DNA was extracted from the colostrum centrifugation pellet samples via repeated bead-beating and silica spin column purification using the Qiagen DNeasy® PowerSoil® Pro kit (Qiagen, Manchester, England, United Kingdom) as described previously [24–25]. Extractions were performed in batches of 12, which consisted of 11 colostrum centrifugation pellets, and one negative extraction control (i.e., an extraction performed without a sample). To monitor the DNA extraction efficiency, three DNA extractions from each 50-sample extraction kit were also performed to extract DNA from the ZymoBIOMICS™ Microbial Community Standard (Zymo Research Corp., Irvine, California, USA). Concentration and purity of extracted DNA was quantified on the Nanodrop 1000 Spectrophotometer (Thermo Fischer Scientific) and high molecular weight DNA integrity was assessed by electrophoresis on 0.8% agarose gels.
DNA samples extracted from colostrum were submitted to 16S quantitative polymerase chain reaction (qPCR) analysis in order to verify the presence of bacterial DNA prior to 16S rRNA gene amplicon sequencing. The analysis was performed using 27 colostrum samples, six negative controls (molecular biology grade water) and three Staphylococcus positive controls. For each qPCR reaction, 1 µL of DNA sample (10 ng/µL) was added to the bottom of a well in a 96-well plate, followed by the addition of 19 µL of qPCR master mix. The resulting mixture was gently pipetted up and down six times. Each 19 µL of master mix consisted of 10 µL of Fast SYBR (Life Technologies, UK), 7 µL molecular biology grade water (Sigma, UK), 1 µL of forward primer Ba27F 5’AGA GTT TGA TCC TGG CTC AG (5uM), 1 µL reverse primer Ba338R 5’TGC TGC CTC CCG TAG GAG T (5uM) [26]. The qPCR reaction was performed on an ABI7500 FAST qPCR machine (Applied Biosystems, UK) with 7500 Fast Software v2.3. Reaction conditions were 95°C for 20 seconds, then 40 cycles of 95°C for 3 seconds and 60°C for 30 seconds. After completion of the qPCR run, the cycle threshold was set to 0.2 and baseline was set to automatic then CQ values were calculated. These CQ values were then used to verify the presence of bacteria within the colostrum samples selected for 16S rRNA gene amplicon sequencing. One colostrum sample and two negative controls came back as undetermined. Fresh colostrum had a mean CQ value of 23.5 (SE 0.87), ranging from 17.83 to 26.46. Negative controls had a mean CQ value of 36.73 (SE 0.16) and the Staphylococcus positive controls had a mean CQ value of 12.30 (SE 0.15). The CQ values of fresh colostrum attained from qPCR verified that, while low in biomass, bacteria were present in fresh colostrum in adequate amounts for sequencing.

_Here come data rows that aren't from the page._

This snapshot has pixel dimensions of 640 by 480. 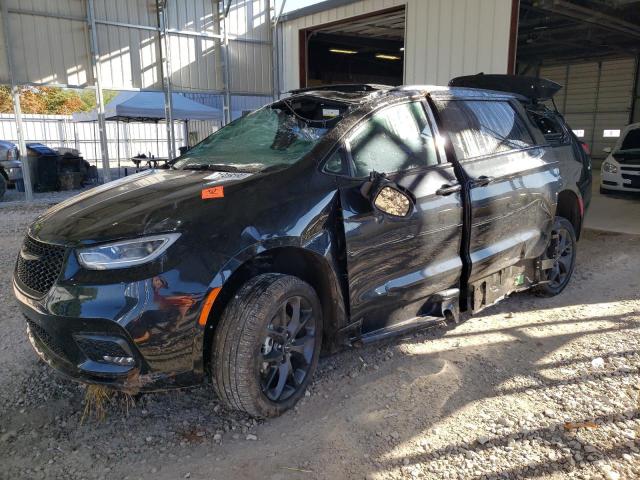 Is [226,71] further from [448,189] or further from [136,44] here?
[448,189]

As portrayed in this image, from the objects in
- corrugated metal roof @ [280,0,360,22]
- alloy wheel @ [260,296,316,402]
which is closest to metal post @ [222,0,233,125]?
corrugated metal roof @ [280,0,360,22]

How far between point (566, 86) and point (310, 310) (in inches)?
954

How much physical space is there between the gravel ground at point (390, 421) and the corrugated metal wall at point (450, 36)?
578 centimetres

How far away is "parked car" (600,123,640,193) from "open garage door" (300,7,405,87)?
553 cm

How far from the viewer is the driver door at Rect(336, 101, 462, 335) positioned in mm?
3039

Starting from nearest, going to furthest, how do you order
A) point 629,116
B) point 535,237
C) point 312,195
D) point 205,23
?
1. point 312,195
2. point 535,237
3. point 205,23
4. point 629,116

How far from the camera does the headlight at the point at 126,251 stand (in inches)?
95.7

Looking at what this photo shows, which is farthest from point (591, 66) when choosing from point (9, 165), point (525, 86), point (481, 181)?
point (481, 181)

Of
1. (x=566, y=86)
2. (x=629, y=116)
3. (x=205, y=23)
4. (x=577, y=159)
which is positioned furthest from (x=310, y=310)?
(x=566, y=86)

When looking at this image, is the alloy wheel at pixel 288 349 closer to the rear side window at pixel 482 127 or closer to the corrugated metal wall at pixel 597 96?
the rear side window at pixel 482 127

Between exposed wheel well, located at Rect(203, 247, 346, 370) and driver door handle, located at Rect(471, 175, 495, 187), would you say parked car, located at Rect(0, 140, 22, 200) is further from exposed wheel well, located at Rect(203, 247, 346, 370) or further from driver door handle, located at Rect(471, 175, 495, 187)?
driver door handle, located at Rect(471, 175, 495, 187)

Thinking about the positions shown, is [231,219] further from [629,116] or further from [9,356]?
A: [629,116]

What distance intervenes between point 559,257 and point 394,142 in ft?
8.00

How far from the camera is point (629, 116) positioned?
2086 centimetres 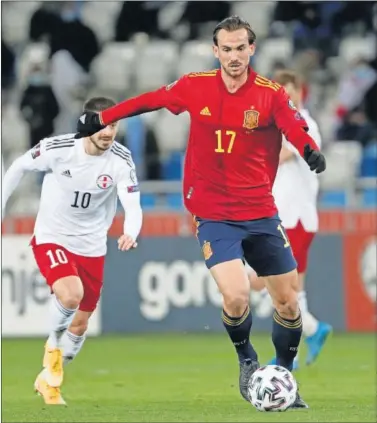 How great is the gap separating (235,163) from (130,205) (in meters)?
1.30

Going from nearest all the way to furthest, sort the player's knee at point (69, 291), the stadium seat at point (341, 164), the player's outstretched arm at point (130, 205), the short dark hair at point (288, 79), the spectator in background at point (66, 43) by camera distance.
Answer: the player's outstretched arm at point (130, 205), the player's knee at point (69, 291), the short dark hair at point (288, 79), the stadium seat at point (341, 164), the spectator in background at point (66, 43)

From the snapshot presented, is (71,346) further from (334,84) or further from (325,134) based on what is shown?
(334,84)

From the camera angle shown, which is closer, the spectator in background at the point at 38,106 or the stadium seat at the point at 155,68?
the spectator in background at the point at 38,106

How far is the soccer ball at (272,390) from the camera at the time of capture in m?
9.50

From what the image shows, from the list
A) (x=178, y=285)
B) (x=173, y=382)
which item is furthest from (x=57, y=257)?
(x=178, y=285)

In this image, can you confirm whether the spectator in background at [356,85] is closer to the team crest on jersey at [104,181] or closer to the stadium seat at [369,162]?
the stadium seat at [369,162]

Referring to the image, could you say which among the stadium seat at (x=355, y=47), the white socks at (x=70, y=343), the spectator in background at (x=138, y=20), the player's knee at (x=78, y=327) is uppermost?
the spectator in background at (x=138, y=20)

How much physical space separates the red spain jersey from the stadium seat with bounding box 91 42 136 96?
36.6 feet

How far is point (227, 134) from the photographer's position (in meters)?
9.72

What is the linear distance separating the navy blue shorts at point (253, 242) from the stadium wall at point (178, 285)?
764 centimetres

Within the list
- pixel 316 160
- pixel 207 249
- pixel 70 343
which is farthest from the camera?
pixel 70 343

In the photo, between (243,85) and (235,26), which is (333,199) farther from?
(235,26)

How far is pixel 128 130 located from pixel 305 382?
707 cm

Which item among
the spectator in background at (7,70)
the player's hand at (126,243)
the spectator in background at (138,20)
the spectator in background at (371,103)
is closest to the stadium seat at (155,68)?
the spectator in background at (138,20) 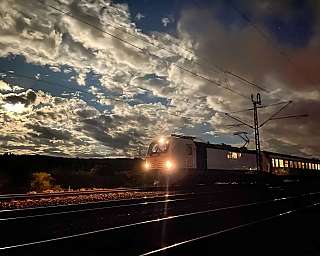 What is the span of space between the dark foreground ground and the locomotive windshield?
13849 millimetres

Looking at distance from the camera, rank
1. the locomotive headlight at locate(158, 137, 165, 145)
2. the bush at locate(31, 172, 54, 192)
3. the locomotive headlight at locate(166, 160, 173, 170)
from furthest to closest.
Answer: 1. the bush at locate(31, 172, 54, 192)
2. the locomotive headlight at locate(158, 137, 165, 145)
3. the locomotive headlight at locate(166, 160, 173, 170)

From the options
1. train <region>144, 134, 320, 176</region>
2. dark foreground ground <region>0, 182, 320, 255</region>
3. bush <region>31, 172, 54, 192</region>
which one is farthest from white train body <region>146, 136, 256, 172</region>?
dark foreground ground <region>0, 182, 320, 255</region>

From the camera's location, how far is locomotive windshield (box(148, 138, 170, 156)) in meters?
29.4

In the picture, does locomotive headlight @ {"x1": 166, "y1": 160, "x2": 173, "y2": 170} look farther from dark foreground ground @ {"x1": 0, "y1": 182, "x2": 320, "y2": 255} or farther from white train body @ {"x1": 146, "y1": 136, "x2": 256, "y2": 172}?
dark foreground ground @ {"x1": 0, "y1": 182, "x2": 320, "y2": 255}

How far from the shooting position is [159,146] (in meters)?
30.0

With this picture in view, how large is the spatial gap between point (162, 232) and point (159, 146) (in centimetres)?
2013

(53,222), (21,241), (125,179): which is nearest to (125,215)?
(53,222)

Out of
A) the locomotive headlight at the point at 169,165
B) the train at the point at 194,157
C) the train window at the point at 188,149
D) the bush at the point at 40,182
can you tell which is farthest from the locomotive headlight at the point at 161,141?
the bush at the point at 40,182

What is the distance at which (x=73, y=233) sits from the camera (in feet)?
32.4

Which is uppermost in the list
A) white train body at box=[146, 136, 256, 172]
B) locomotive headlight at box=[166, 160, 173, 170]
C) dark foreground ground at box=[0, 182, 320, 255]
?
white train body at box=[146, 136, 256, 172]

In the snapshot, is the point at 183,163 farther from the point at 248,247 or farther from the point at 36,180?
the point at 248,247

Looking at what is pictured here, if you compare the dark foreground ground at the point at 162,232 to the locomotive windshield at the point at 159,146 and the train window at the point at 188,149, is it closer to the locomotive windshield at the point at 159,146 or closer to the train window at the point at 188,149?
the locomotive windshield at the point at 159,146

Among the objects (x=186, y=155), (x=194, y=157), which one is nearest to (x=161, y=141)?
(x=186, y=155)

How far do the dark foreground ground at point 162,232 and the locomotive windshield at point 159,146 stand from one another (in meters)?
13.8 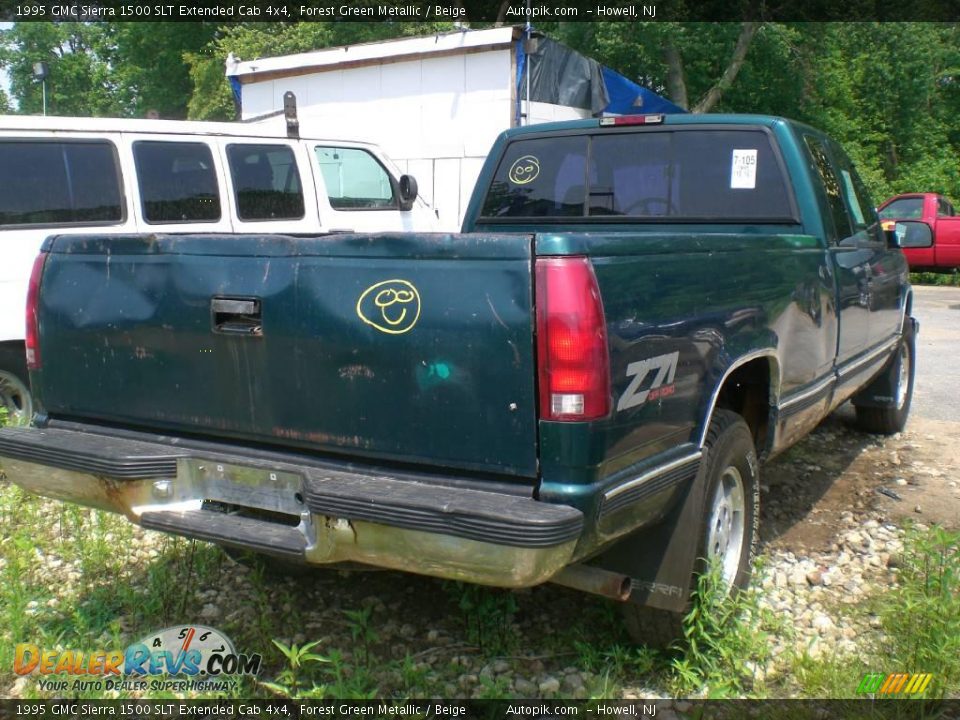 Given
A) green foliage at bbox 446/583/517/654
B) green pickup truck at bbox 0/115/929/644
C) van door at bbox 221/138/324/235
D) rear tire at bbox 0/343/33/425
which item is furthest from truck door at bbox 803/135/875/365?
rear tire at bbox 0/343/33/425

Aliquots of DNA were subjected to 16S rRNA gene amplicon library preparation and sequencing at a commercial laboratory (Macrogen, Seoul, South Korea). Samples underwent one round of PCR amplification, targeting the V4 hypervariable region of the 16S rRNA gene, using 515F/806R primers [27] designed with Nextera overhang adapters and Herculase II Fusion DNA polymerase (Agilent, Santa Clara, California, USA). Cycle conditions were as follows: 95°C for 3 min, 25 cycles at 95°C for 30 s, 55°C for 30 s, 72°C for 30 s, and then 72°C for 10 min. PCR amplicon purification was performed using standard AMpure paramagnetic bead protocol (Beckman Coulter, Indianapolis, Indiana, USA). Amplicons were pooled together in equal concentration and subjected to sequencing on the Illumina MiSeq using the 500-cycle version 2 MiSeq reagents kit (Illumina, San Diego, California, USA) on one flow cell.
2.4 Sequencing analysis
Amplicon sequencing data were processed in R (v. 4.2.0) using DADA2 (v. 1.26.0) and submitted to the pipeline as described by Callahan et al. [28] following a similar methodology described by Smith et al. [29]. Post quality control, filtering and trimming, an Amplicon Sequence Variant (ASV) table was constructed, which was followed by the removal of chimeric sequences. Taxonomy was assigned to sequence variants using the SILVA database (v. 138.1) and phyla names were updated according to Oren and Garrity [30]. A bootstrapping threshold of 80 was applied to taxonomic classification by incorporating minBoot = 80 as part of the assignTaxonomy function [29]. Sample metadata, sequence taxonomy, and ASVs were combined into a phyloseq object using Phyloseq (v. 1.42.0) [31].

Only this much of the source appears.